Psalm 127,2: Es ist umsonst, dass ihr früh aufsteht und hernach lange sitzt (z.B. beim Frühstück oder beim Znüni (schweizerisch für die 9:00 Uhr Brotzeitpause) und esset Brot mit Sorgen; (jetzt kommt’s :!:) denn seinen Freunden gibt er es im Schlaf (Wer Gott/Jesu Freund ist). Dann kommt noch was, das sich auf das Kinder-bekommen bezieht.

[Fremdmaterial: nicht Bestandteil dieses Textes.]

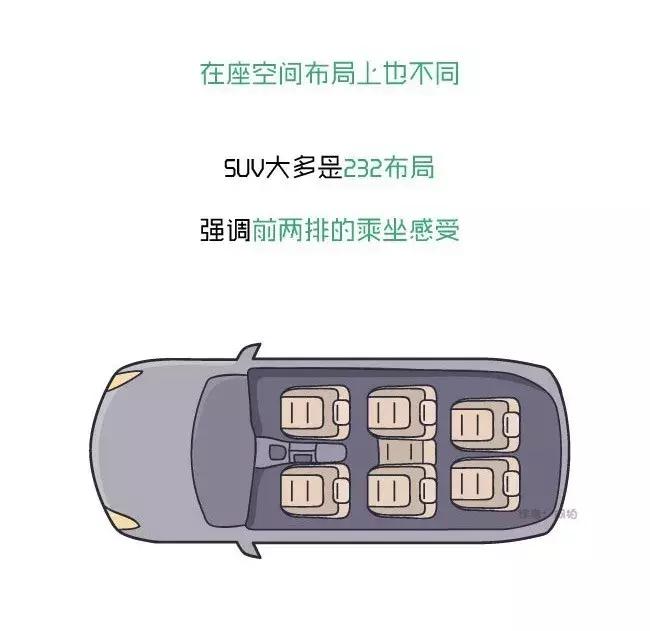 阿柏车画-MPV和SUV到底有什么区别,原来没那么简单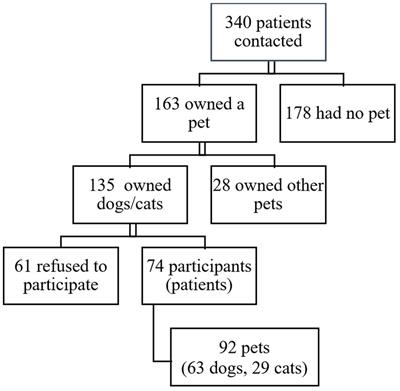 Zoonosis screening in Spanish immunocompromised children and their pets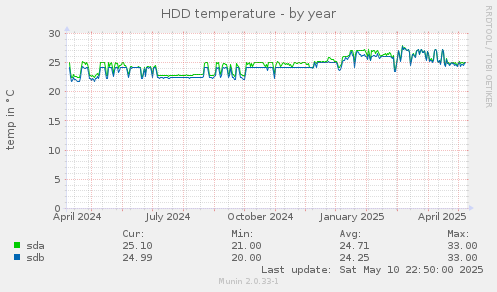 HDD temperature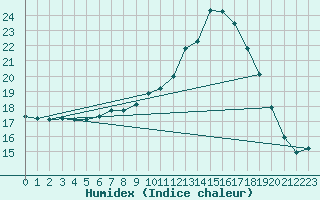 Courbe de l'humidex pour Soltau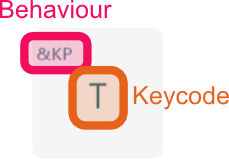 Behavior and keycode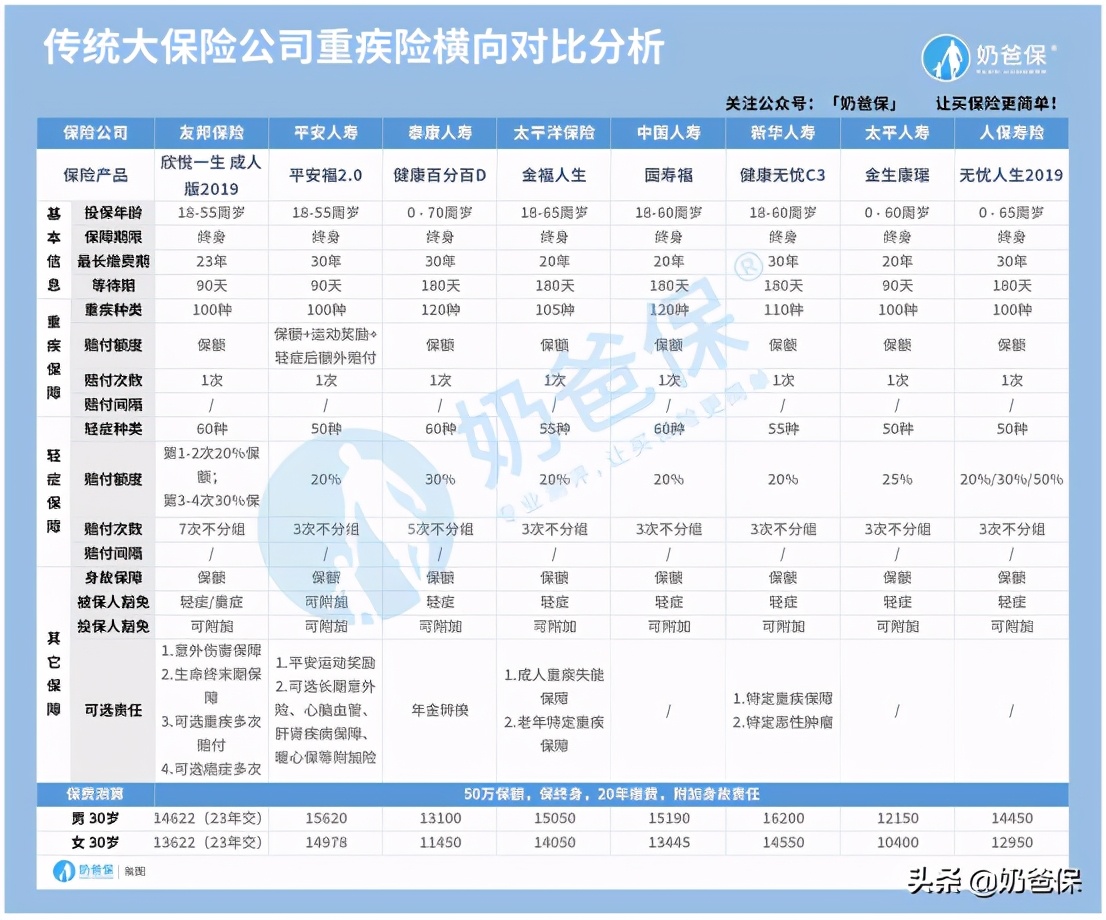 十大口碑最好的保险公司排名,2020年十大保险公司排行榜
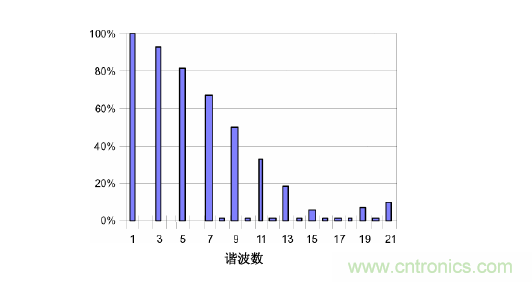 【精辟】就這樣把PF和PFC講透了！?。? width=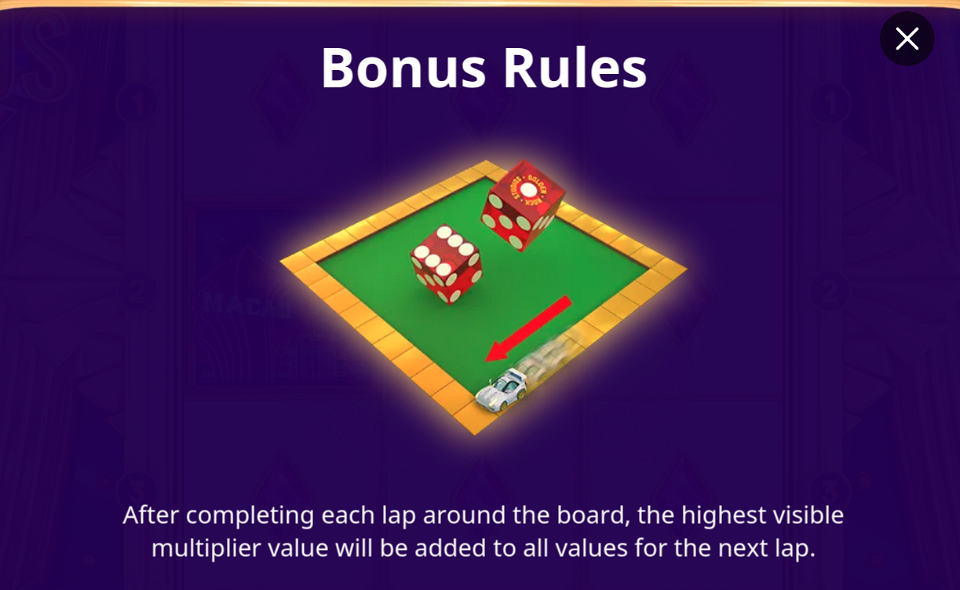 golden rock bonus only paytable 4
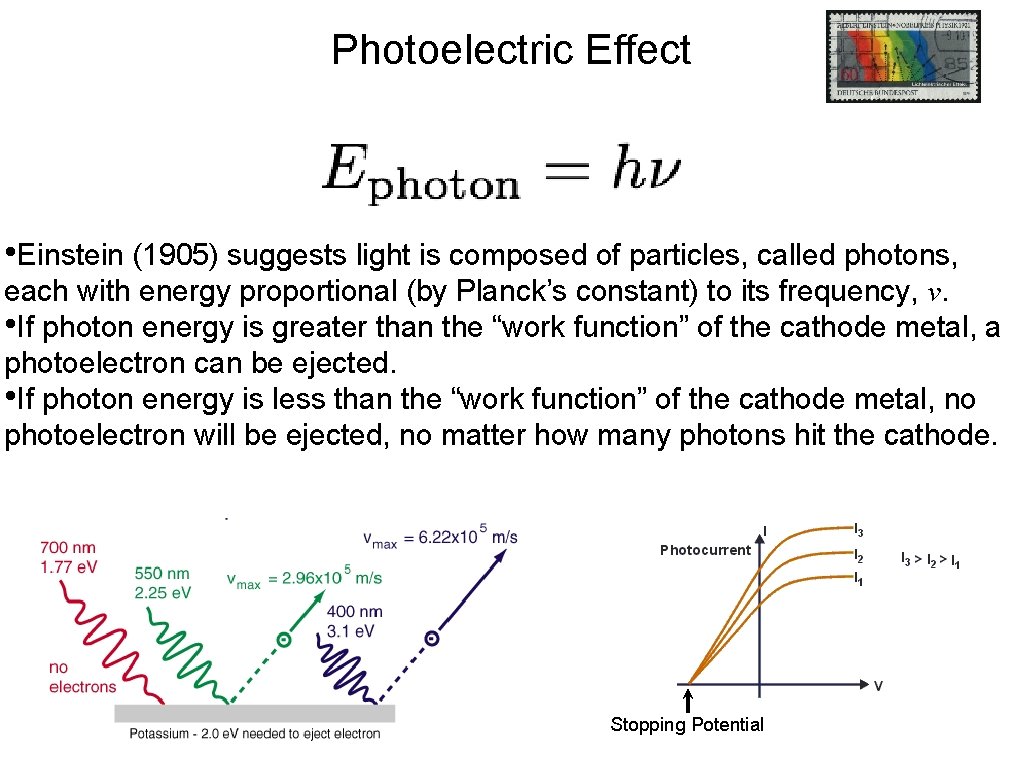 Photoelectric Effect • Einstein (1905) suggests light is composed of particles, called photons, each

So nun mach mal was draus: Man kann es in Richtung Entspannung tut gut auslegen. Man kann es in Richtung Vertrauen auf Gott auslegen. Man kann es darauf auslegen, dass man sich genügend Schlaf gönnen soll, wenn man Kinder bekommen will.
Was der Vers nicht hergibt: Früh aufzustehen, um möglichst früh auf dem Acker oder auf der Baustelle zu sein.
Ja und dann das Thema: Freunde. Wer ist ein Freund von Jesus? Hochspannende Frage. Ich würde sagen, der, der im Geist erfasst hat wer Jesus ist, warum es so gelaufen ist, warum Schuldvergebung wichtig ist, wer liebend und empathiefähig gegenüber Menschen und Gott/Jesus sein kann.
Muslime: Die es halt trotzdem (herzensliebemässig) geschnallt haben, um was es geht. Sind auch seine Freunde – so sehe ich das grosszügig.
Und hochphilosophisch wie immer: Wie geht man mit Bibeltext um? Benutze ich ihn als Anregung? Muss ich ihn gesetzlich nehmen? Spricht Gott durch den Bibeltext (bzw. täglich)?